WASHINGTON – Only 96 more votes in the House of Representatives are needed to block a hike in the debt limit, an action that would inevitably result in the first massive cuts in the federal budget in a generation, a WND survey shows.
“The tide is turning against raising the debt limit,” says WND’s Joseph Farah, the organizer of the “No More Red Ink” campaign that has flooded House Republicans with nearly 1 million red letters objecting to any more borrowing beyond the $14.3 trillion in debt that will be reached sometime around April 15. “When this campaign began, we could identify only two solid Republican votes. Now we have identified 122. That’s real progress, but we only have two or three more weeks left to make history.”
Farah calls the vote the most important that will be cast in Congress in the next two years and, perhaps, the most important in the last century.
In the first major survey of House Republicans’ attitudes toward raising the debt limit, more than half say they are committed to opposing more borrowing and only 23 of 241 take their leadership’s position – that approving more borrowing past the 14.3 trillion limit is essential.
The survey was conducted by WND through calls and emails to the offices of members and, when direct responses were not forthcoming, public statements made by the officials were used.
The results are staggering in their lopsidedness, because it takes only 218 votes in the Republican-controlled House to block any effort to raise the debt limit – an action that would precipitate the most drastic cuts in federal government programs in modern history.
A total of 122 House Republicans are already committed to opposing any additional hike in the debt limit, while 54 others says they would do so with conditions – most of which include spending cuts or a balanced budget. An additional 42 members say they are undecided.
House Speaker John Boehner has repeatedly said publicly that the debt limit will have to be raised, at the same time pushing for spending cuts. Boehner believes failure to raise the debt limit will result in defaults on loan obligations and poses danger to the government’s credit rating, an assessment he shares with Federal Reserve Chairman Ben Bernanke and Treasury Secretary Timothy Geithner.
But the Heritage Foundation, CATO Institute and Investors Business Daily have all downplayed the threat of defaults with studies showing the government can still service the interest on the existing debt with tax revenues if substantial cuts in the budget are made.
In response to the survey results, Mike Steele, spokesman for Boehner, told WND: “The speaker has made it clear that while the president is begging us to raise the debt limit without cutting spending, that is obviously unacceptable to the American people. We need to cut spending and institute reforms so that we can keep cutting.”

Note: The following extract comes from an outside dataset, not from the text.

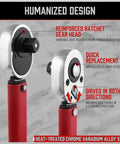 Half Inch Drive Click Torque Wrench With Locking Mechanism Pro Grade Build showing ratchet head and red handle design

He declined to say whether or not he was surprised by the heavy support for a debt-limit freeze within the Republican House majority.

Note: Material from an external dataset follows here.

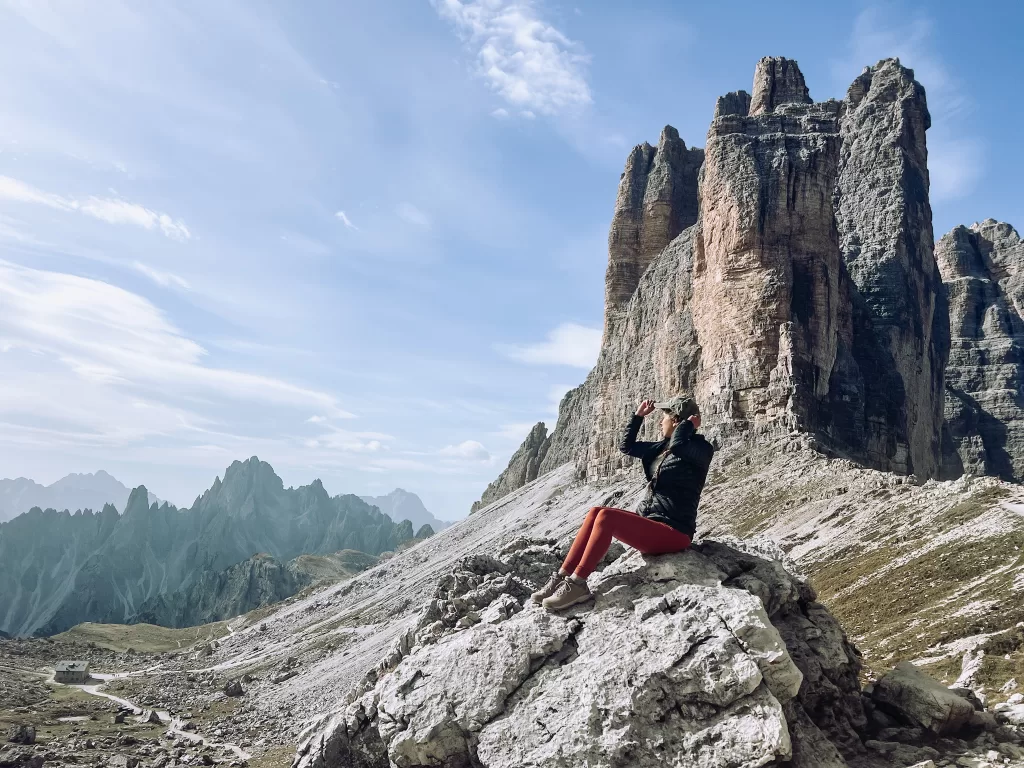 Dolomites viewpoint in front of the large rocks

Farah was pleasantly surprised by the results of the survey.
“The press has largely assumed Republican House members would go along with business as usual, but apparently no one has taken an actual head count,” said Farah. “This survey strongly suggests there is a very real chance the House will say no to another debt limit increase – an action that would signal a fundamental restructuring of the way the federal government operates.”

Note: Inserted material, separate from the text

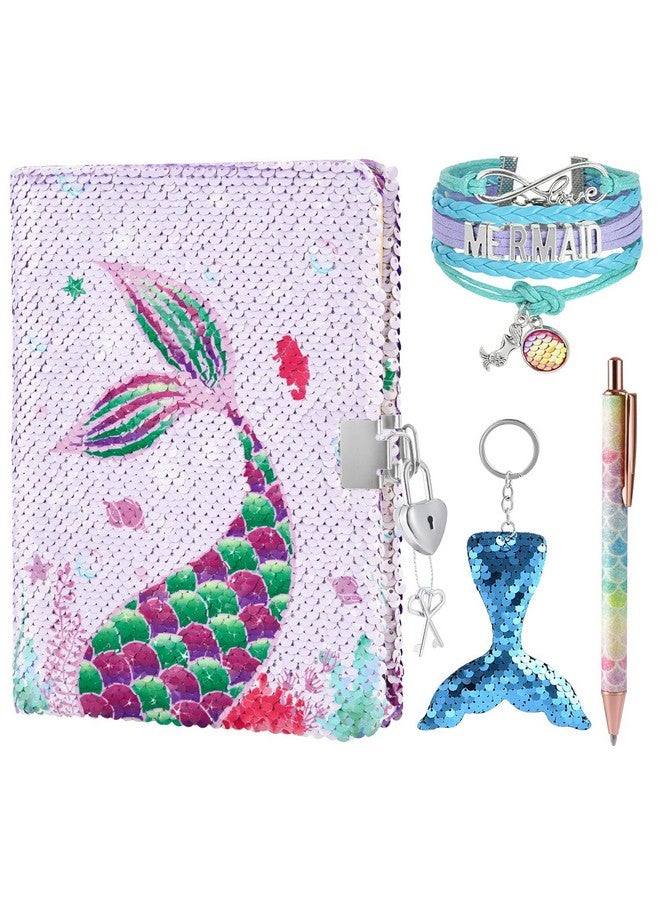 Wernnsai Mermaid Diary For Girls - Sequin Journal Kit For Girls Gift With A5 Kids Notebook Key Chain Pen For Drawing Writing Diary With Lock Birthday Christmas Gifts For Girls 6-12  - Image 1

Since approval of both houses of Congress is required to raise the debt limit, this is one of the very few meaningful actions the Republican-controlled House can take without the consent of the Senate or the White House.
Farah has called it the Republicans’ “secret weapon.”
If a debt limit increase is not approved, all borrowing by the federal government would stop. It would mandate the biggest cuts in the federal budget in generations – to the tune of hundreds of billions of dollars.
In addition to the building opposition from House Republicans, at least one Democrat in the House has signaled his objection to more borrowing – Rep. Anthony Weiner, D-N.Y.